TASK: For the word "White", copy every line of the material that includes it.

[GIVEN INFORMATION — start]

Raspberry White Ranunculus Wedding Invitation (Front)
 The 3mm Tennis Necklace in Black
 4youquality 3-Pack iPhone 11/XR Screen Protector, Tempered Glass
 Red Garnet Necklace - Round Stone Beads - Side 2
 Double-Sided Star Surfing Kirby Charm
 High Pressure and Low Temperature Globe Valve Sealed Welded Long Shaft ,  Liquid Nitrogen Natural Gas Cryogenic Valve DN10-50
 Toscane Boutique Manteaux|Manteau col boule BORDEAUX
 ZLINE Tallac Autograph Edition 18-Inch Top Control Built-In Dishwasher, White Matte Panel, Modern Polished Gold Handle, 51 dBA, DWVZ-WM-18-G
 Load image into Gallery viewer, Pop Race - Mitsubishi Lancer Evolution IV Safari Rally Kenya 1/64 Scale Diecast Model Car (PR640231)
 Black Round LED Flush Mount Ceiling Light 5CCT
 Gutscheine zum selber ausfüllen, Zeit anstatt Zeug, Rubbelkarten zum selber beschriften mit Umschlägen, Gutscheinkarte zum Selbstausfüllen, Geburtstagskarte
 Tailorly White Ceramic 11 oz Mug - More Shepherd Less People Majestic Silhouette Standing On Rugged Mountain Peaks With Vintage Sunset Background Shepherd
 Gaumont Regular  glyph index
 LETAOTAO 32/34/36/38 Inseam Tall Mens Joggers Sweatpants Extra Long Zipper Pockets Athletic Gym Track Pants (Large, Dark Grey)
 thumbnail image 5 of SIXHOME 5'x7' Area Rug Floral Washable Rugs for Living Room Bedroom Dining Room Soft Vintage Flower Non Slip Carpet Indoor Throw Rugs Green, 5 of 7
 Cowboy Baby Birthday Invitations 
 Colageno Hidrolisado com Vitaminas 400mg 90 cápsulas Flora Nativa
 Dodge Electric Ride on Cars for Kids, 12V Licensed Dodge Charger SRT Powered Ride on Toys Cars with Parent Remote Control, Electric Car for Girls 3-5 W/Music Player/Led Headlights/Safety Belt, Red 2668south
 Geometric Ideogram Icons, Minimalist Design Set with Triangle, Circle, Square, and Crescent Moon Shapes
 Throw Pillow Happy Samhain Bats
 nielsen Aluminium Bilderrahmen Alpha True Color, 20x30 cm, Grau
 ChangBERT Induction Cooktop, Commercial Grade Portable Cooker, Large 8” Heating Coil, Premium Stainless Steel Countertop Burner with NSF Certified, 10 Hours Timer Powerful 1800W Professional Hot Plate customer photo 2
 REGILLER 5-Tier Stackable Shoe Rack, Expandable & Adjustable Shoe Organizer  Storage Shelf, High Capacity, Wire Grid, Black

[GIVEN INFORMATION — finish]

TASK RESPONSE:
Raspberry White Ranunculus Wedding Invitation (Front)
 ZLINE Tallac Autograph Edition 18-Inch Top Control Built-In Dishwasher, White Matte Panel, Modern Polished Gold Handle, 51 dBA, DWVZ-WM-18-G
 Tailorly White Ceramic 11 oz Mug - More Shepherd Less People Majestic Silhouette Standing On Rugged Mountain Peaks With Vintage Sunset Background Shepherd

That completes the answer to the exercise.